• [WORK INSTRUCTIONS]
In the records below, find the line with "this 370×247 image." and repeat exactly every line from it through the line with "this 1345×896 image.". Pictures stay out.

• [INPUT DATA]
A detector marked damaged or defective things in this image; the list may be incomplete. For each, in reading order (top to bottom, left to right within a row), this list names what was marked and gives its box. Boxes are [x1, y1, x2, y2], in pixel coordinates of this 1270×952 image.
--
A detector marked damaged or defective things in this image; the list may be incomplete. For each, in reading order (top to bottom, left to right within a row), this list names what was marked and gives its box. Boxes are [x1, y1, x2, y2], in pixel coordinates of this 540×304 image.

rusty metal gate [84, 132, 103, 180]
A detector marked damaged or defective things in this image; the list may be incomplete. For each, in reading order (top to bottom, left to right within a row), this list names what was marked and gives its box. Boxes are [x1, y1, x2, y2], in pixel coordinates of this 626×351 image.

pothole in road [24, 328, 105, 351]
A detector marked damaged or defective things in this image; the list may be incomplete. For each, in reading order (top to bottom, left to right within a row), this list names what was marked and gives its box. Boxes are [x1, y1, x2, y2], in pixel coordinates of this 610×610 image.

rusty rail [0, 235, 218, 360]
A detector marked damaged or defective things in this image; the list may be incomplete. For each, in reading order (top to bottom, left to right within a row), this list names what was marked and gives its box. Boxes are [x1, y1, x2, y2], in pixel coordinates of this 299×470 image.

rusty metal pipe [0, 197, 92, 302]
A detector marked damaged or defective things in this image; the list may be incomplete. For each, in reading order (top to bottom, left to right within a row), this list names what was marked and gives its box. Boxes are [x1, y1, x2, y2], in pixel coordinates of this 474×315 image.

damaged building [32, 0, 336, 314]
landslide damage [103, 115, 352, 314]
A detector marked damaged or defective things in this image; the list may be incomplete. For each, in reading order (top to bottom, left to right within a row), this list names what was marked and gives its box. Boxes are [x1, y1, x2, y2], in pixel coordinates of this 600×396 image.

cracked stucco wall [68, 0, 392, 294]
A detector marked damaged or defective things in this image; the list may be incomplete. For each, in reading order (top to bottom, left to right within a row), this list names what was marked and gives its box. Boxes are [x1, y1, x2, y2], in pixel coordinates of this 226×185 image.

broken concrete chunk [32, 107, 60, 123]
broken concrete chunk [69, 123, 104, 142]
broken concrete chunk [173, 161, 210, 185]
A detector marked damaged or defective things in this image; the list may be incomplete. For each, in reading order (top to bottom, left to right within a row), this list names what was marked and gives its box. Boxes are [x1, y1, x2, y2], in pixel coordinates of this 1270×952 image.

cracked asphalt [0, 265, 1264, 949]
---
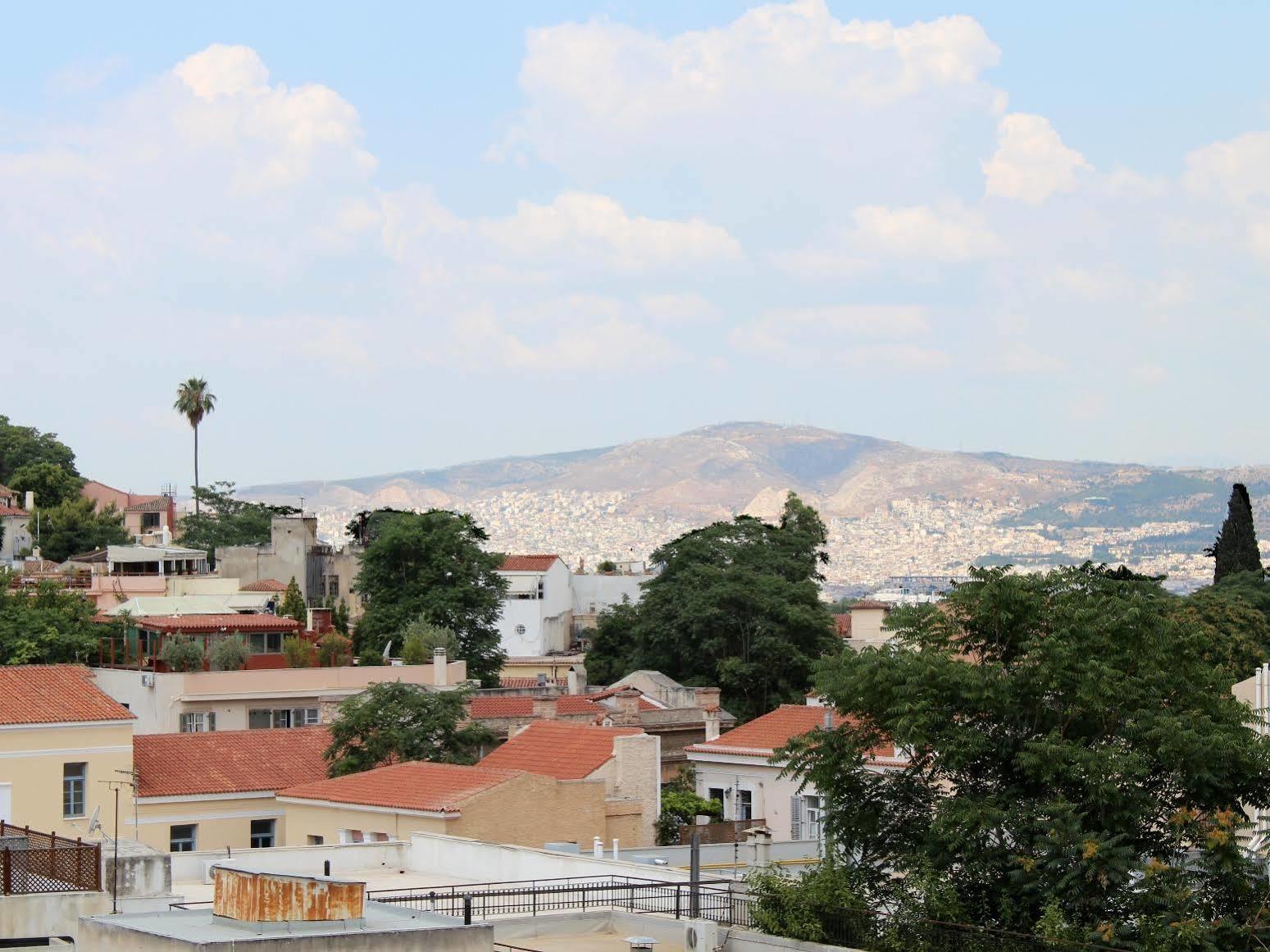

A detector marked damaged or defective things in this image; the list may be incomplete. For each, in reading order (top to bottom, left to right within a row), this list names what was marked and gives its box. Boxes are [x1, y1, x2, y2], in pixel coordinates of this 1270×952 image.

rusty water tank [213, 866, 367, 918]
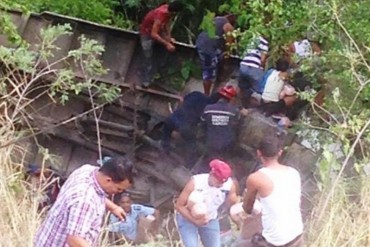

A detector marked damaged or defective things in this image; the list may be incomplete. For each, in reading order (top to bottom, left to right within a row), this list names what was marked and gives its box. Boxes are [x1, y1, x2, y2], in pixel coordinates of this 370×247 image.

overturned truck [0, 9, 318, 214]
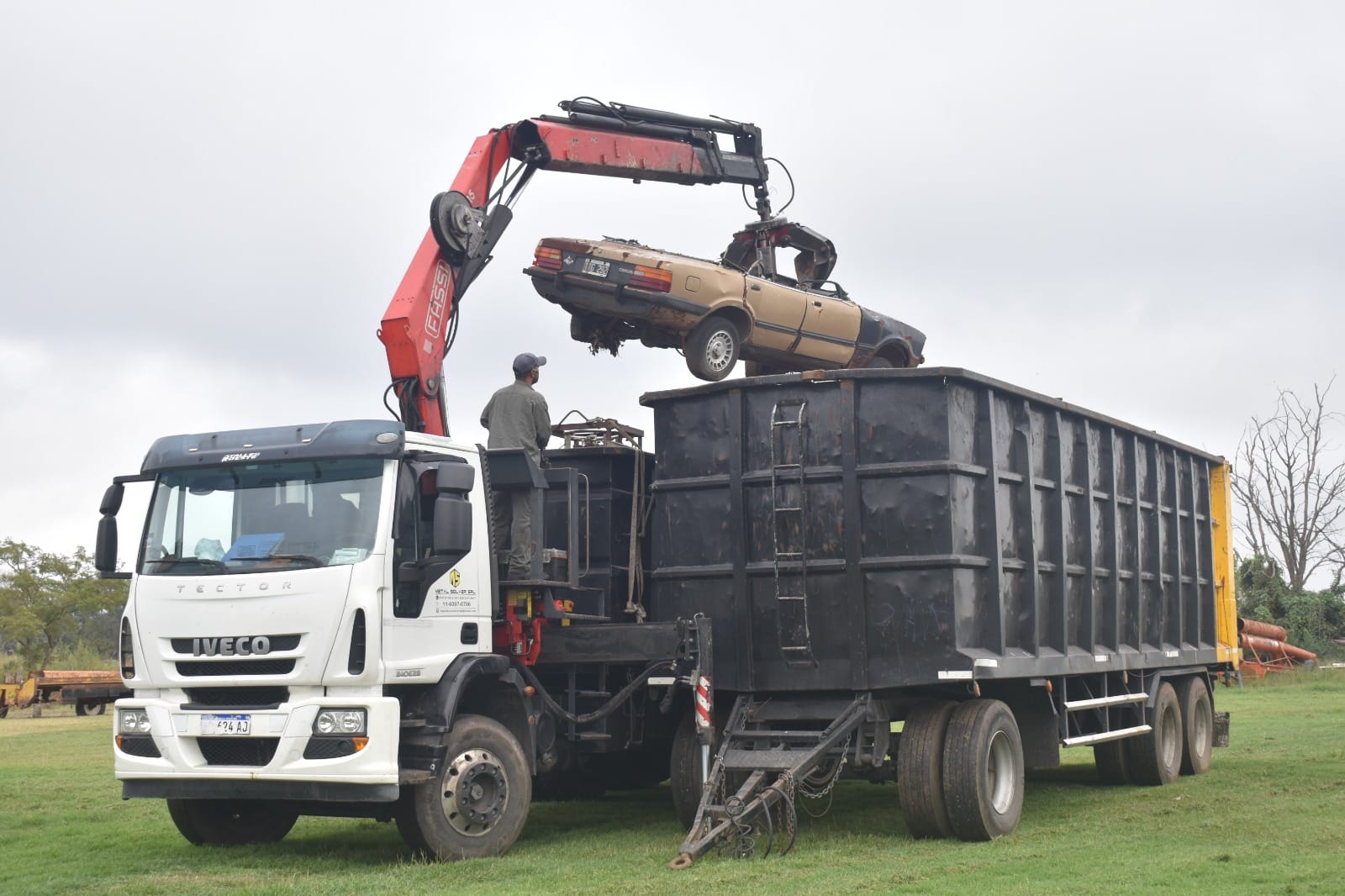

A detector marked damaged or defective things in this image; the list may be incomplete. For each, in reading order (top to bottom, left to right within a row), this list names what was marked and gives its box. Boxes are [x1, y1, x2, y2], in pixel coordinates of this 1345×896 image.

• [OUTPUT BELOW]
A detector marked damaged or defective things in this image; the list may be incomplete. For each, in reading order (top to bottom, left to right within a row), this list names what was marked and gives its box. Boxes are [x1, y1, x2, y2], in pixel coordinates of this 370×247 image.

overturned truck [0, 9, 318, 214]

A detector marked damaged or defective things in this image; the list may be incomplete. For each, in reading order (top to bottom, left to right within a row), this list names what was marked and gives its box. Boxes are [x1, y1, x2, y2], in pixel coordinates of this 1345×896 image.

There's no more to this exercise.